Source data:
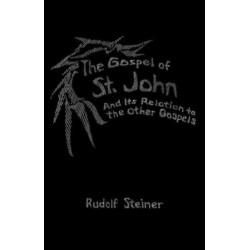 The Gospel of St.John and its Relation to the Other Gospels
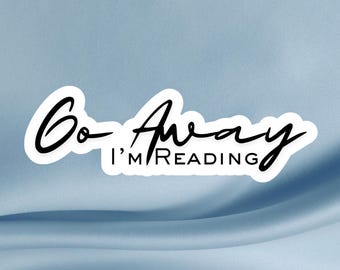 Go Away I'm Reading Sticker: Sassy Book Lover Vinyl Decal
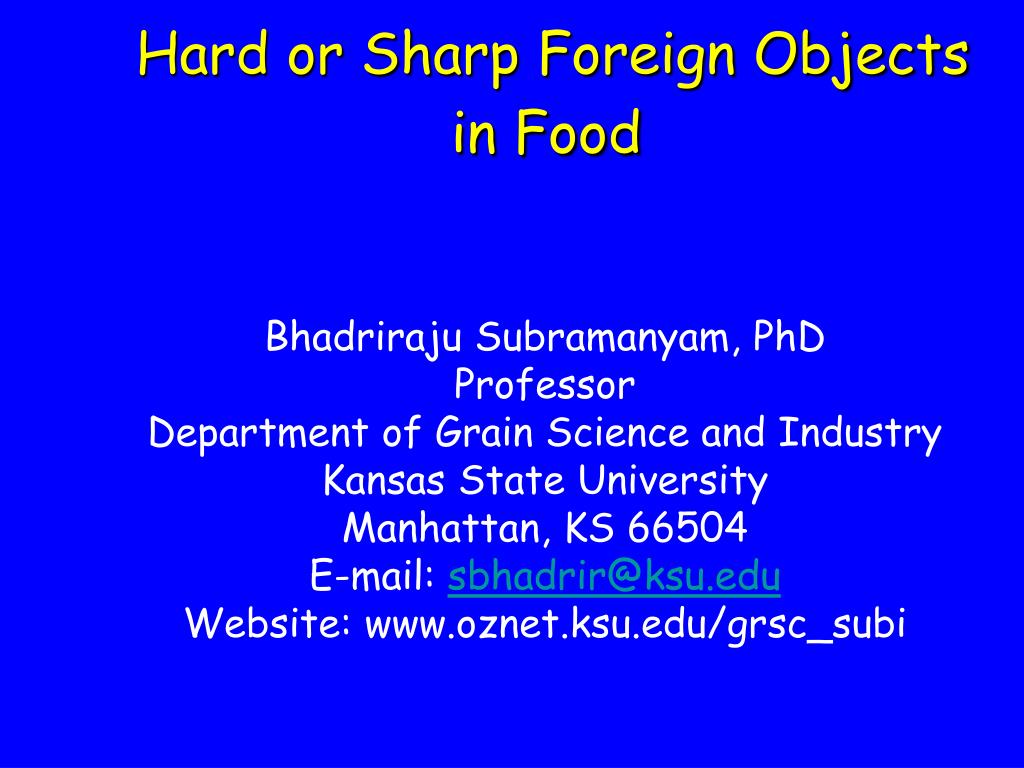 PPT Hard or Sharp Foreign Objects in Food PowerPoint Presentation, free download ID6593760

Work to complete: Wherever a picture appears in the listing above, drop it, and restate the rest exactly.

Task result:
 The Gospel of St.John and its Relation to the Other Gospels
 Go Away I'm Reading Sticker: Sassy Book Lover Vinyl Decal
 PPT Hard or Sharp Foreign Objects in Food PowerPoint Presentation, free download ID6593760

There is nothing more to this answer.